In the second query of the example, there are n=2 students with the skills a=[3, 6]. It is possible to compose just a single team containing both students.
签到
#include<bits/stdc++.h>
using namespace std;
#define rep(i,a,b) for(int i=(a);i<=(b);++i)
#define dep(i,a,b) for(int i=(a);i>=(b);--i)
#define pb push_back
typedef long long ll;
const int maxn=(int)2e5+100;
const int mod=(int)1e9+7;
int n,a[110];
void solve(){
scanf("%d",&n);
rep(i,1,n) scanf("%d",&a[i]);
sort(a+1,a+1+n);
int ans=1;
rep(i,2,n) if(a[i]-a[i-1]==1) ans=2;
printf("%d\n",ans);
}
int main(){
int T;cin>>T;
while(T--) solve();
}
B2. Books Exchange (hard version)
time limit per test1 second memory limit per test256 megabytes
The only difference between easy and hard versions is constraints.
There are n kids, each of them is reading a unique book.
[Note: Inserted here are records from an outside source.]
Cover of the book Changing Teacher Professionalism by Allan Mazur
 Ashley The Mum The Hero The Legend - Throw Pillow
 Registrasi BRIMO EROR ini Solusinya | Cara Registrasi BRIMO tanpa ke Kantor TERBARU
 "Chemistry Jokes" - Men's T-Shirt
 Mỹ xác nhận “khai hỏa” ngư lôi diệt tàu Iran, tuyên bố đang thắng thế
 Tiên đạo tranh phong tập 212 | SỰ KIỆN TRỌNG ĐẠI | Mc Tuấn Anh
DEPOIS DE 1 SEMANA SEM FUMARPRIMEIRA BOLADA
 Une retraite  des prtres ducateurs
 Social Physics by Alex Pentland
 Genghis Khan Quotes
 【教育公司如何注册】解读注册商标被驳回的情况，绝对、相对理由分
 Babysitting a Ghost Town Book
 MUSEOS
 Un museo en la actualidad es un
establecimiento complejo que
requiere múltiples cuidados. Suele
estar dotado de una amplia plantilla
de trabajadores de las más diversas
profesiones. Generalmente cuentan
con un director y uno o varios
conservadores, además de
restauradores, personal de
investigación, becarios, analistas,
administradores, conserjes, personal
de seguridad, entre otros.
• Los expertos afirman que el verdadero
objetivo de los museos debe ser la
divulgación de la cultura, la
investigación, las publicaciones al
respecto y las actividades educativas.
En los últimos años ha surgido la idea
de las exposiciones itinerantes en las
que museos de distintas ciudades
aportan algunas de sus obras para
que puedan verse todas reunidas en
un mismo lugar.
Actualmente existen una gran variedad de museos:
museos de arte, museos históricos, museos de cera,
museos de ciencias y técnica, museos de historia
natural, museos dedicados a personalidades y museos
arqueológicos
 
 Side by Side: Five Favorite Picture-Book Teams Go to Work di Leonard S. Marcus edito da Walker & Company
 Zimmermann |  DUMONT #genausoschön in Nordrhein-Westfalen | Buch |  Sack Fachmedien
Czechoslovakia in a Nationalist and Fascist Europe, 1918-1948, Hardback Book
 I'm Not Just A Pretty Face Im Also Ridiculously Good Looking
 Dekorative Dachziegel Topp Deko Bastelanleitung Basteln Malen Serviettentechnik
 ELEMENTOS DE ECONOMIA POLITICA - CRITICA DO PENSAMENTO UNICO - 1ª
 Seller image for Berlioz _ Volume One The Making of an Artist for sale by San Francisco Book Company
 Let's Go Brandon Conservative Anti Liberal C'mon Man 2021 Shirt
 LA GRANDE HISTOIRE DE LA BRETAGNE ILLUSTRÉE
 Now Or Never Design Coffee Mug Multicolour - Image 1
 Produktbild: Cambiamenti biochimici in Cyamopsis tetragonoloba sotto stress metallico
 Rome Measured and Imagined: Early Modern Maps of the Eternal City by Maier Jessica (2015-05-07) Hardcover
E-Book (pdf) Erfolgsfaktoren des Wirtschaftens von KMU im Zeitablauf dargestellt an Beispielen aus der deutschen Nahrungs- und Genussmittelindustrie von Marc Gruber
At the end of any day, the i-th kid will give his book to the \(p_i\)-t) kid (in case of i = \(p_i\) the kid will give his book to himself). It is guaranteed that all values of \(p_i\) are distinct integers from 1 to n (i.e. p is a permutation). The sequence p doesn't change from day to day, it is fixed.
For example, if n=6 and p=[4, 6, 1, 3, 5, 2] then at the end of the first day the book of the 1-st kid will belong to the 4-th kid, the 2-nd kid will belong to the 6-th kid and so on. At the end of the second day the book of the 1-st kid will belong to the 3-th kid, the 2-nd kid will belong to the 2-th kid and so on.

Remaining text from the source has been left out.